> **Data extract**:
—————

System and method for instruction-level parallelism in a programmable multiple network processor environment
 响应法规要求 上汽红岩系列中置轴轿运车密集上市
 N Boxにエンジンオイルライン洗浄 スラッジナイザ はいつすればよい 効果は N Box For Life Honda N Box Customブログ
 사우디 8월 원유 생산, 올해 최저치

—————

> **Task directions**:
Using the listing above, return exactly, and only, the lines from the one that contains "响应法规要求 上汽红岩系列中置轴轿运车密集上市" through its last line, both included.

> **Answer**:
 响应法规要求 上汽红岩系列中置轴轿运车密集上市
 N Boxにエンジンオイルライン洗浄 スラッジナイザ はいつすればよい 効果は N Box For Life Honda N Box Customブログ
 사우디 8월 원유 생산, 올해 최저치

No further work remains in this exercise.